What you will do >> Print out the data that follows exactly, character for character, apart from the pictures.

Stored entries
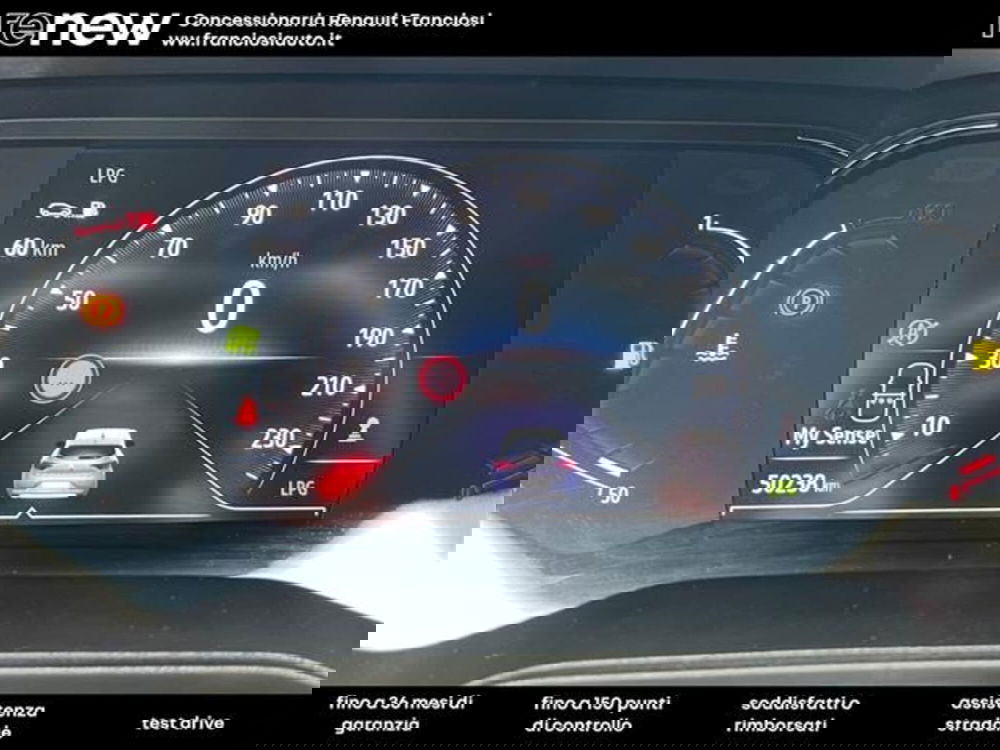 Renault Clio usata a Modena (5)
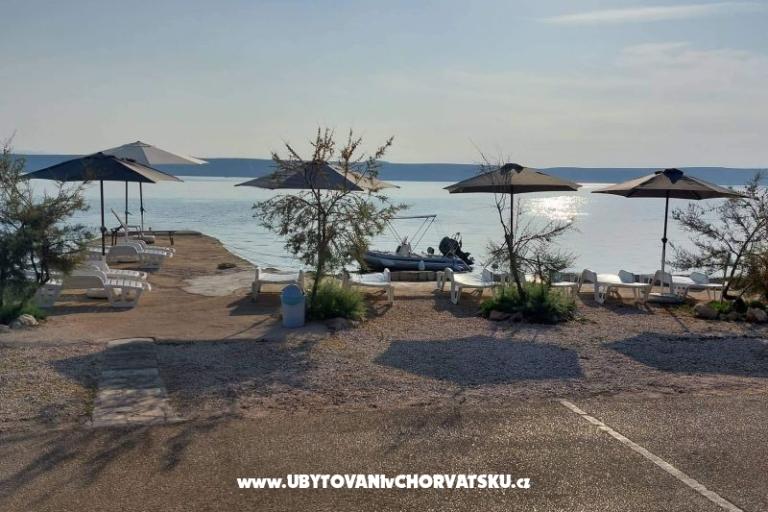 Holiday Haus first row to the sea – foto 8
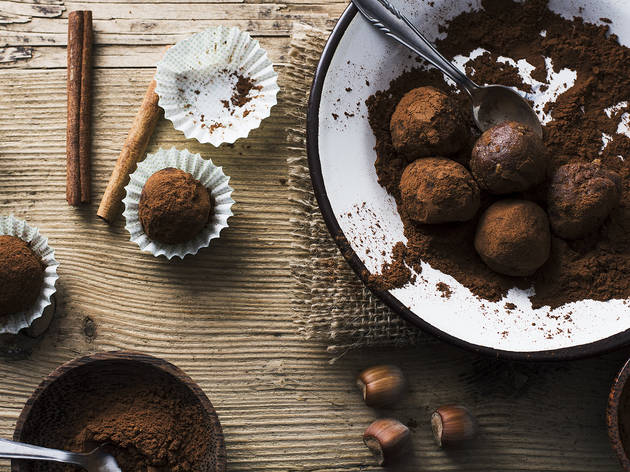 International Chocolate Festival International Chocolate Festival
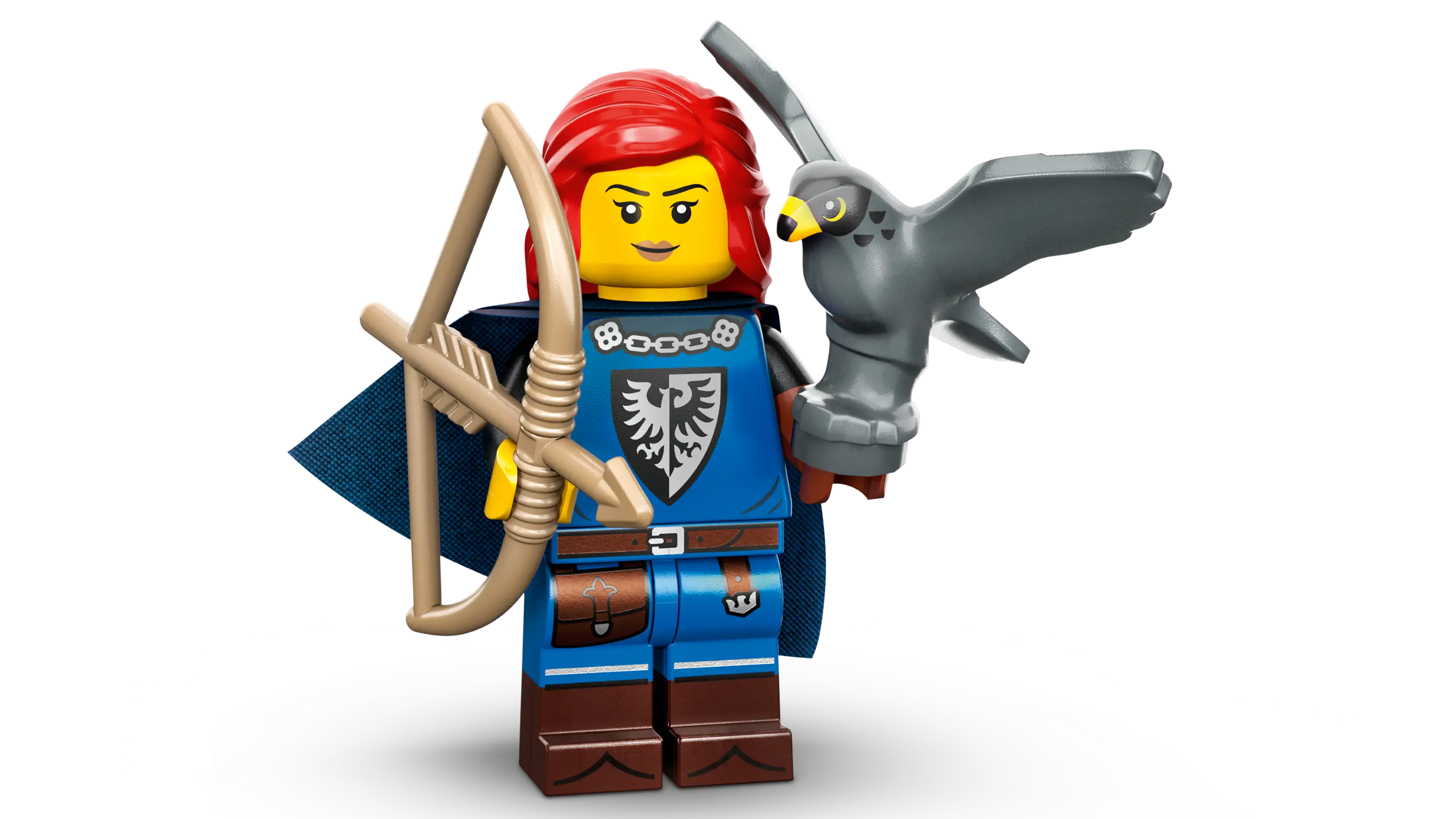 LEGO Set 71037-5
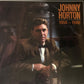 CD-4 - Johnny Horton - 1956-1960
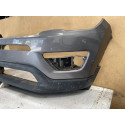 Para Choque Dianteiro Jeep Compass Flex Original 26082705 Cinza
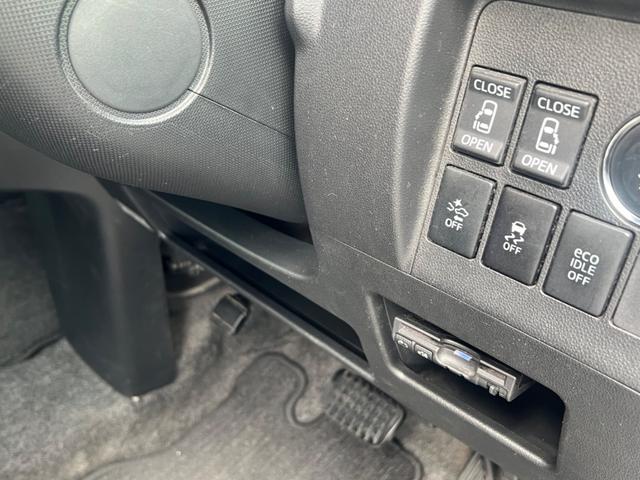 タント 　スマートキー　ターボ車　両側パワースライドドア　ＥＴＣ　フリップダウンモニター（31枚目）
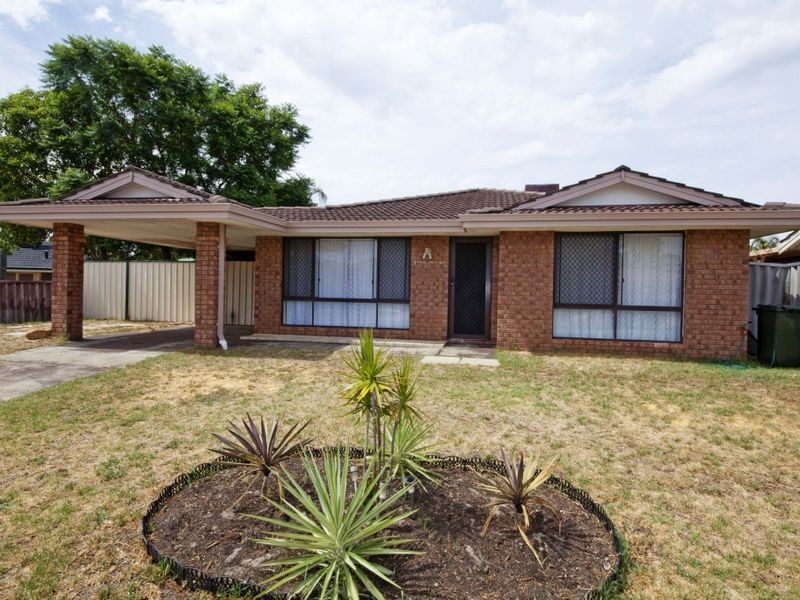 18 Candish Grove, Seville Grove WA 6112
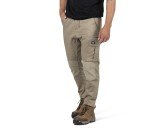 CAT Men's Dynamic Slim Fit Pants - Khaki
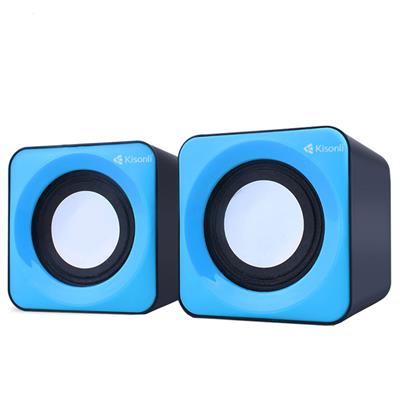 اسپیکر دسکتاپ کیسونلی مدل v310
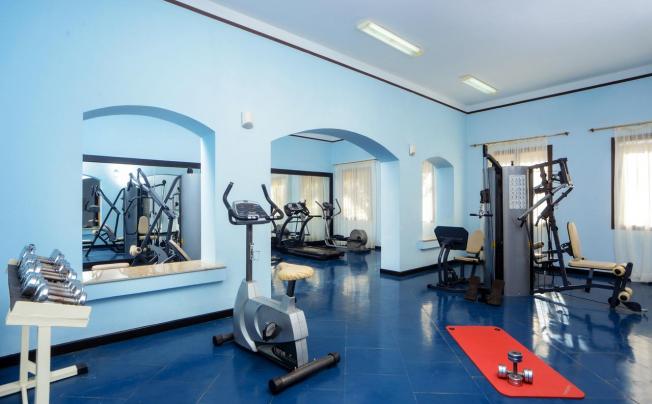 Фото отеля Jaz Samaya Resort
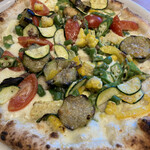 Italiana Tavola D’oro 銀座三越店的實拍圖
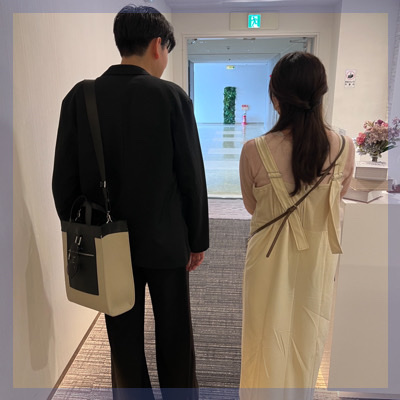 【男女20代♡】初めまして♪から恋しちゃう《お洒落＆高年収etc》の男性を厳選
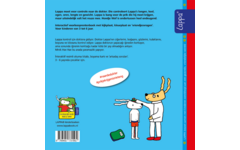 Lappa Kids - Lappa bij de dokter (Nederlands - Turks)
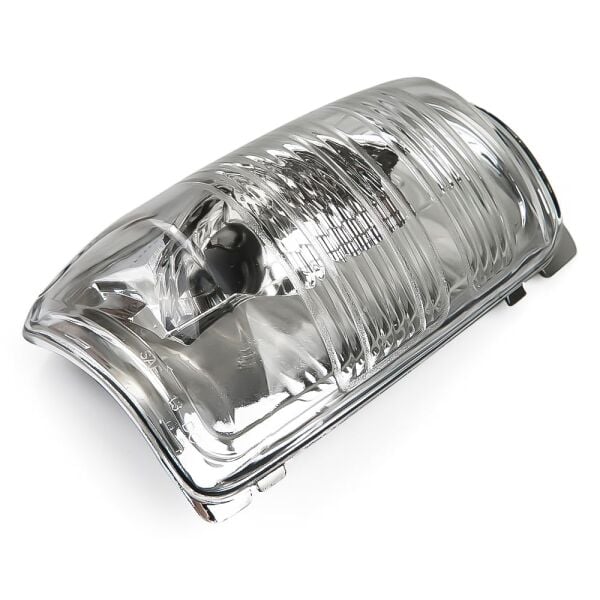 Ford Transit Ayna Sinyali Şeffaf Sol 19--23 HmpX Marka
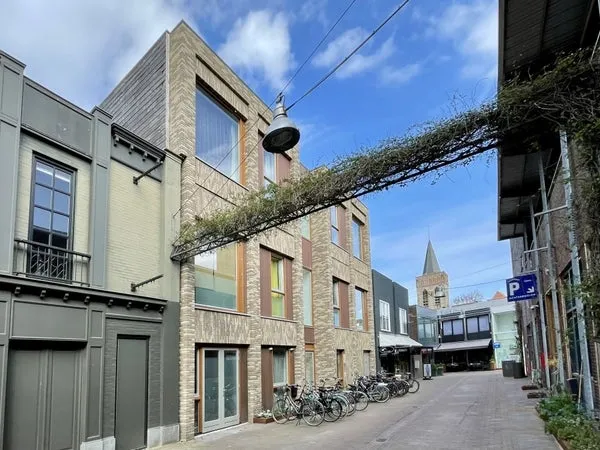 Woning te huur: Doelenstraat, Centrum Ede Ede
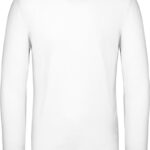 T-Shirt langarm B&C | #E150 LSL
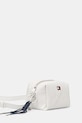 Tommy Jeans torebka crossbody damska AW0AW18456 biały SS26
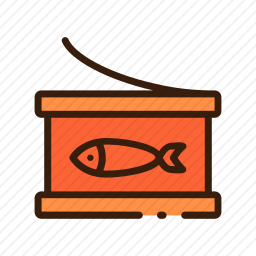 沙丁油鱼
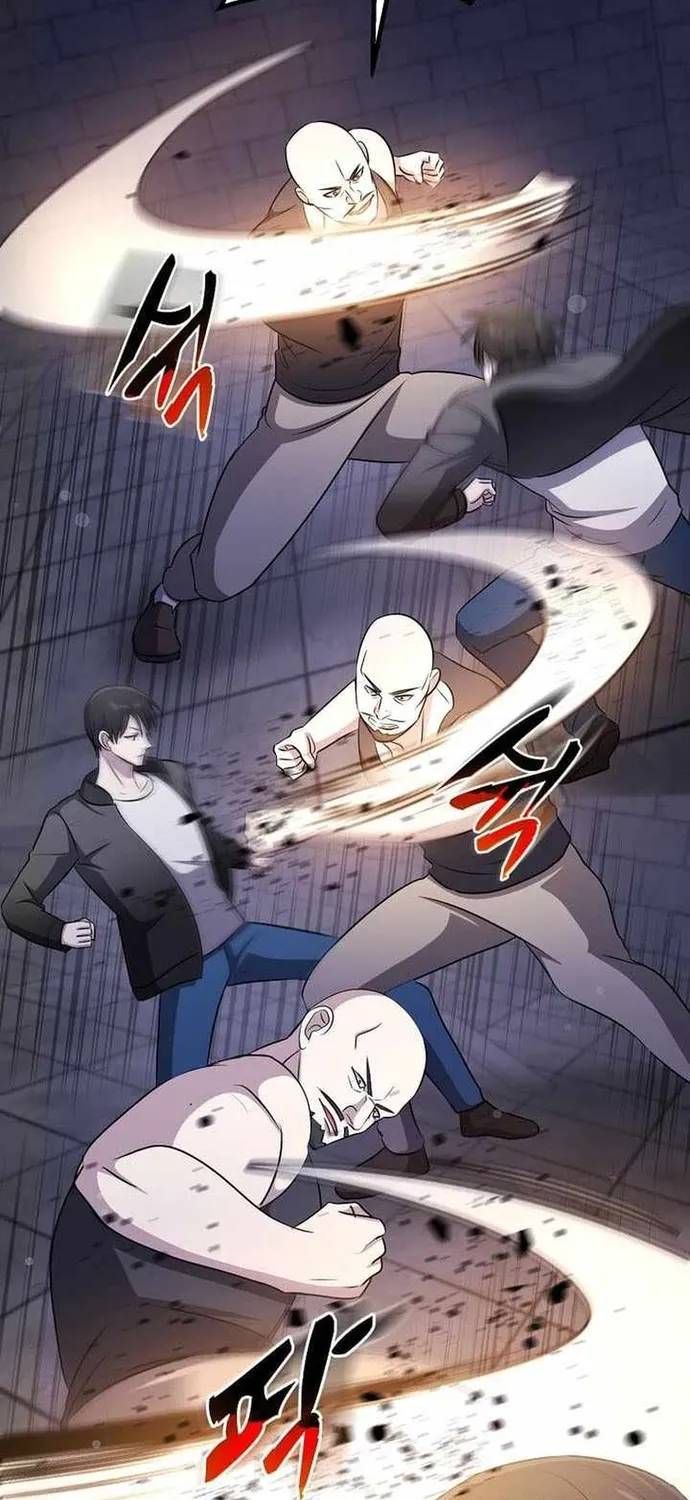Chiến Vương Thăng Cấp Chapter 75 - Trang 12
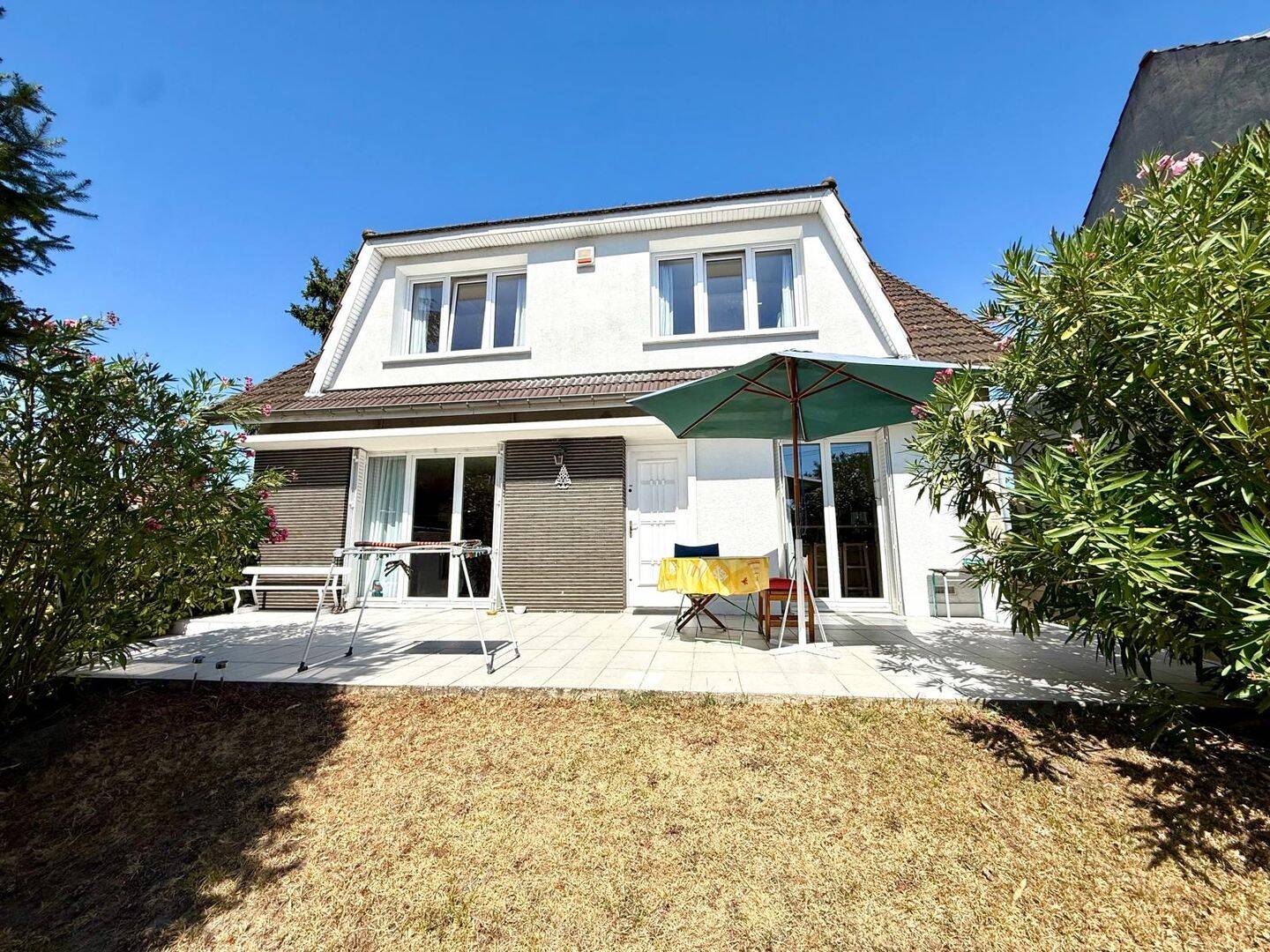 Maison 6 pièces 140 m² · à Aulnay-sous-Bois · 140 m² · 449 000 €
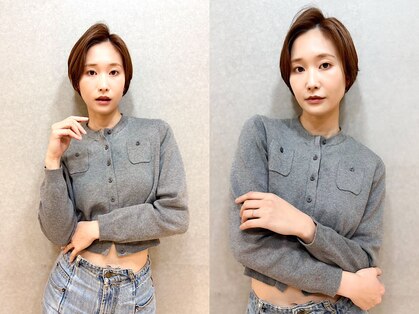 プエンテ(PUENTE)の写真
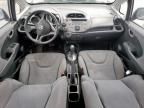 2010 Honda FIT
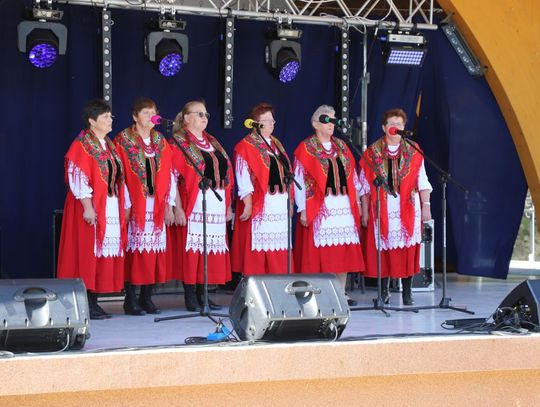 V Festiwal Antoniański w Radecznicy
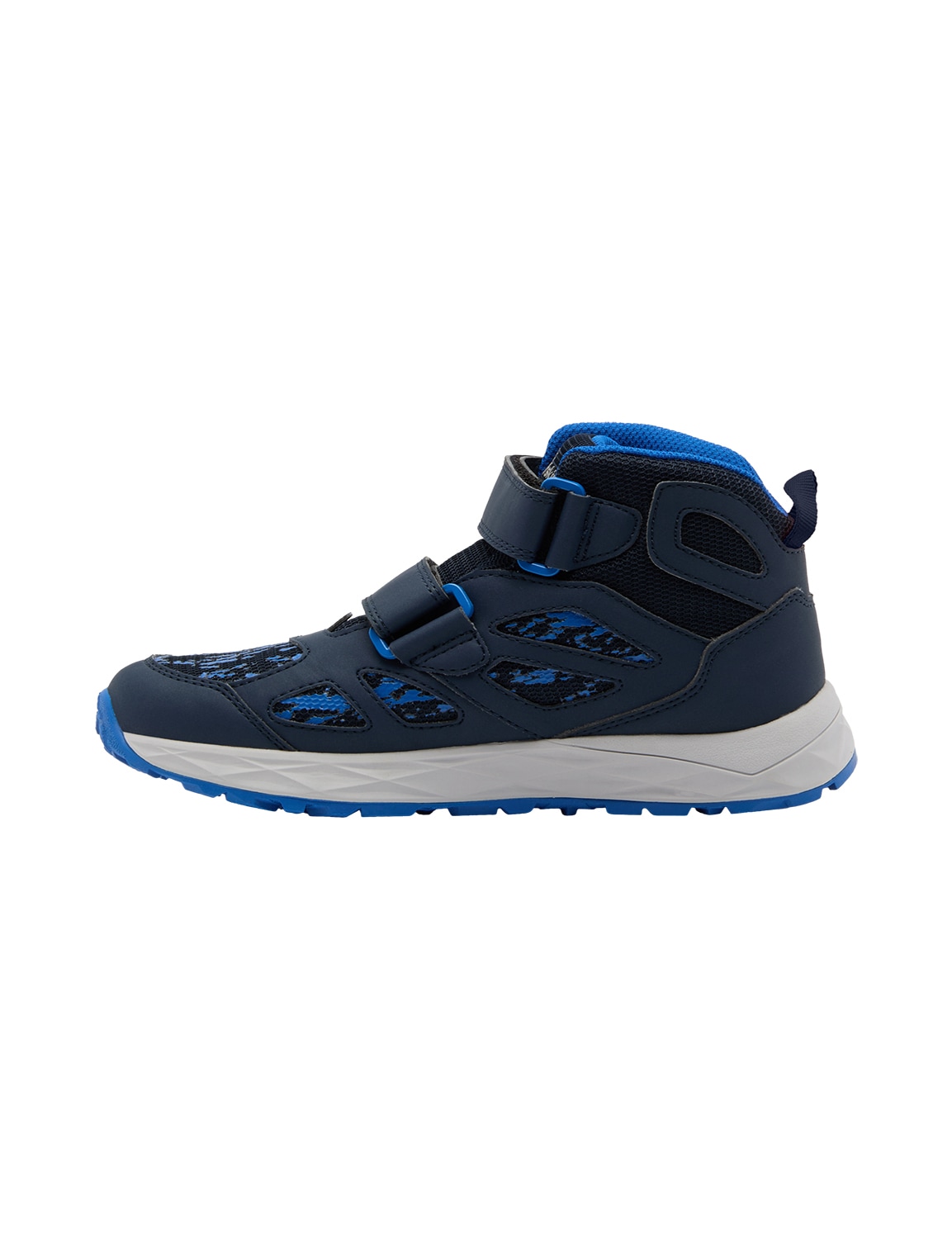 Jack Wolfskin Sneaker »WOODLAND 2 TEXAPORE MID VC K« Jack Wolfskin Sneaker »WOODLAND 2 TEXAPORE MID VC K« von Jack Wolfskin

Problem solution >>
 Renault Clio usata a Modena (5)
 Holiday Haus first row to the sea – foto 8
 International Chocolate Festival International Chocolate Festival
 LEGO Set 71037-5
 CD-4 - Johnny Horton - 1956-1960
 Para Choque Dianteiro Jeep Compass Flex Original 26082705 Cinza
 タント 　スマートキー　ターボ車　両側パワースライドドア　ＥＴＣ　フリップダウンモニター（31枚目）
 18 Candish Grove, Seville Grove WA 6112
 CAT Men's Dynamic Slim Fit Pants - Khaki
 اسپیکر دسکتاپ کیسونلی مدل v310
 Фото отеля Jaz Samaya Resort
 Italiana Tavola D’oro 銀座三越店的實拍圖
 【男女20代♡】初めまして♪から恋しちゃう《お洒落＆高年収etc》の男性を厳選
 Lappa Kids - Lappa bij de dokter (Nederlands - Turks)
 Ford Transit Ayna Sinyali Şeffaf Sol 19--23 HmpX Marka
 Woning te huur: Doelenstraat, Centrum Ede Ede
 T-Shirt langarm B&C | #E150 LSL
 Tommy Jeans torebka crossbody damska AW0AW18456 biały SS26
 沙丁油鱼
Chiến Vương Thăng Cấp Chapter 75 - Trang 12
 Maison 6 pièces 140 m² · à Aulnay-sous-Bois · 140 m² · 449 000 €
 プエンテ(PUENTE)の写真
 2010 Honda FIT
 V Festiwal Antoniański w Radecznicy
 Jack Wolfskin Sneaker »WOODLAND 2 TEXAPORE MID VC K« Jack Wolfskin Sneaker »WOODLAND 2 TEXAPORE MID VC K« von Jack Wolfskin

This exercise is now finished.